→ **About this task**:
You are asked to reproduce the listing exactly and to omit its pictures.

→ **Input data**:

^^^^^^^^

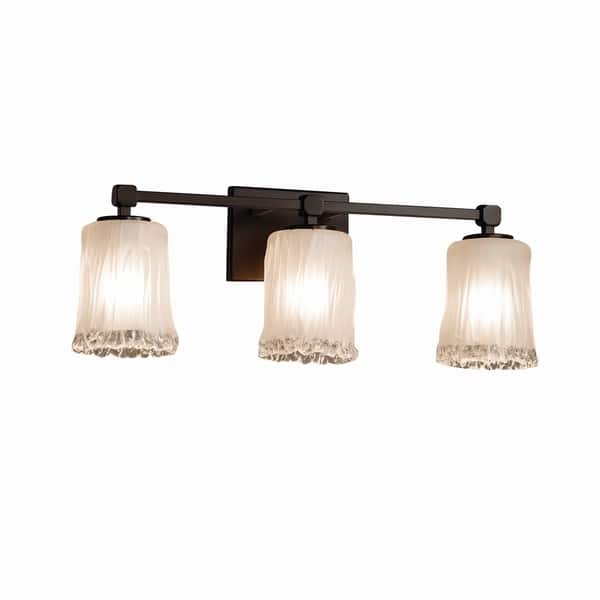 slide 1 of 1, Justice Design Veneto Luce Tetra 3-light Dark Bronze Bath Bar, White Frosted Cylinder - Rippled Rim Shade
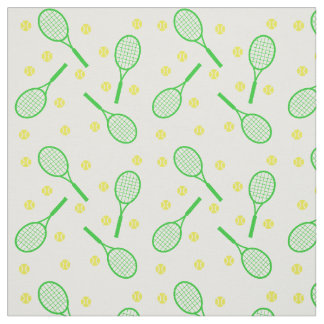 Tissu Raquettes et balles de tennis - vert et jaune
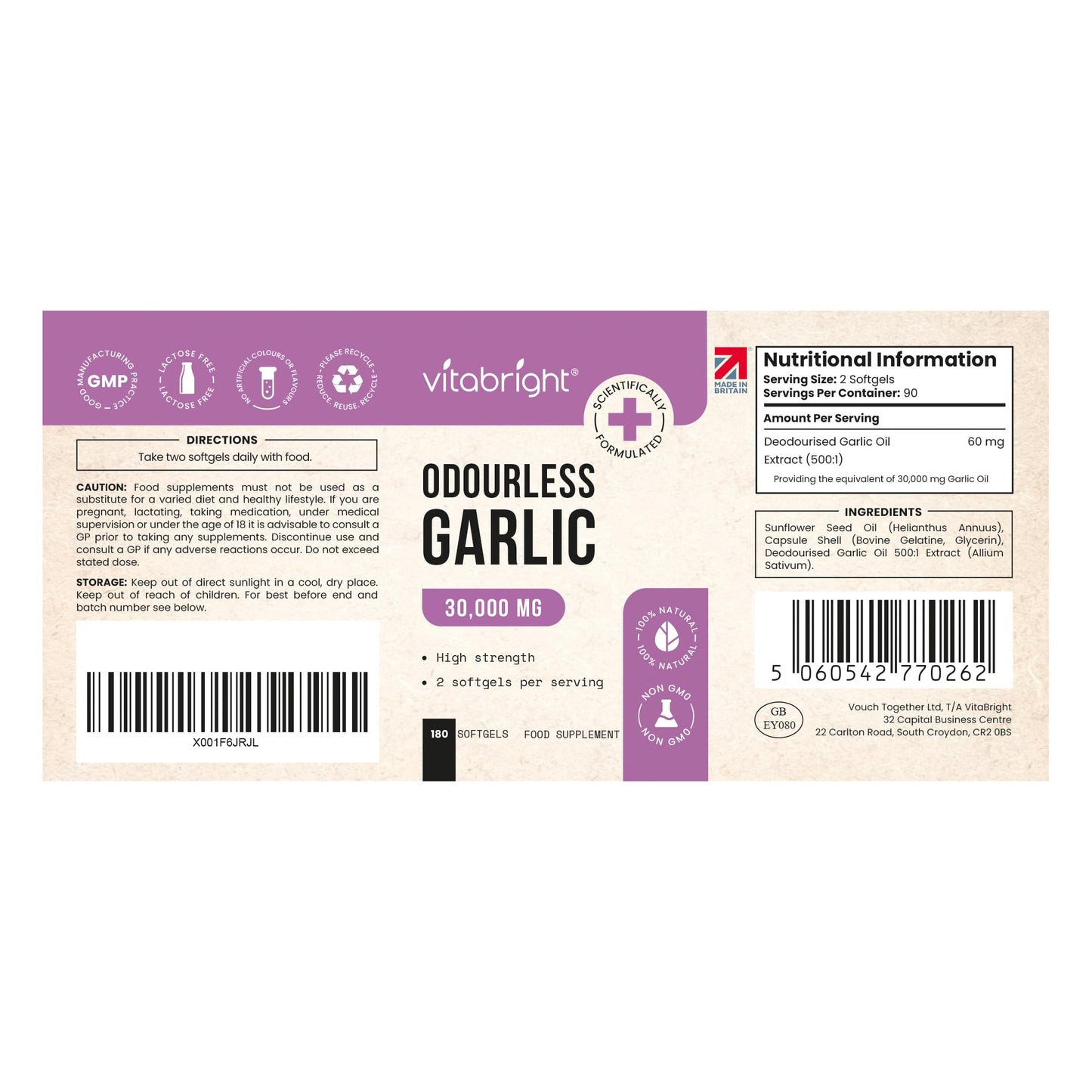 VitaBright Odourless Garlic Capsules High Strength | 30,000mg | 180 Capsules | Daily Dose - 2 Odorless Garlic Tablets for Adults | Odourless Extract Supplement | High Allicin Pearls for Women & Men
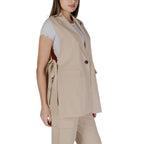 B.Young Beige Polyester Waistcoat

^^^^^^^^

→ **Exercise solution**:
 slide 1 of 1, Justice Design Veneto Luce Tetra 3-light Dark Bronze Bath Bar, White Frosted Cylinder - Rippled Rim Shade
 Tissu Raquettes et balles de tennis - vert et jaune
 VitaBright Odourless Garlic Capsules High Strength | 30,000mg | 180 Capsules | Daily Dose - 2 Odorless Garlic Tablets for Adults | Odourless Extract Supplement | High Allicin Pearls for Women & Men
 B.Young Beige Polyester Waistcoat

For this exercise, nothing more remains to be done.